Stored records
# # # # # # #

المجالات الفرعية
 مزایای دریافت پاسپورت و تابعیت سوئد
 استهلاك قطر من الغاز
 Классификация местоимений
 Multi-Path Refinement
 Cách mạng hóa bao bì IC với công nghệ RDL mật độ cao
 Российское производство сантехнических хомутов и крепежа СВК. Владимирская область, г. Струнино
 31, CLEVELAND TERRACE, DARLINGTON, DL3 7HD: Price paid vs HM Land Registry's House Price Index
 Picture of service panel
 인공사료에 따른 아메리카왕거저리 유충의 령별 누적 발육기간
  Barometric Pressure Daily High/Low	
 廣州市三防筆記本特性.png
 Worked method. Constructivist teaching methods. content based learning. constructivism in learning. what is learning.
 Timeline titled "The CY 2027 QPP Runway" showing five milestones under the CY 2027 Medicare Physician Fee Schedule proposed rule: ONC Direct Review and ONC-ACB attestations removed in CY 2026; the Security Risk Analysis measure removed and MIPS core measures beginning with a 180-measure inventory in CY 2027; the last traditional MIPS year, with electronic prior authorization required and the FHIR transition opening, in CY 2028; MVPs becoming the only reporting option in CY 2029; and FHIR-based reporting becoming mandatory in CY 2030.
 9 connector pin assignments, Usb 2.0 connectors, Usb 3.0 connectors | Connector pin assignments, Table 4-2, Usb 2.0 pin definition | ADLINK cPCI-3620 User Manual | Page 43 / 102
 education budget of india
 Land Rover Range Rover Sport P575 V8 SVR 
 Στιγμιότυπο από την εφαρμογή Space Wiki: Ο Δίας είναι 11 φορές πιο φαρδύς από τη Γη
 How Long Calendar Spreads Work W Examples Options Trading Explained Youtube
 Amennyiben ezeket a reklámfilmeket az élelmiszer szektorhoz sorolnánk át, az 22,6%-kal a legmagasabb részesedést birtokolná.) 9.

# # # # # # #

WHAT THE TASK ASKS: Starting from the line that contains "How Long Calendar", reproduce each line of the data exactly through the last one.

OUTPUT OF THE EXERCISE:
 How Long Calendar Spreads Work W Examples Options Trading Explained Youtube
 Amennyiben ezeket a reklámfilmeket az élelmiszer szektorhoz sorolnánk át, az 22,6%-kal a legmagasabb részesedést birtokolná.) 9.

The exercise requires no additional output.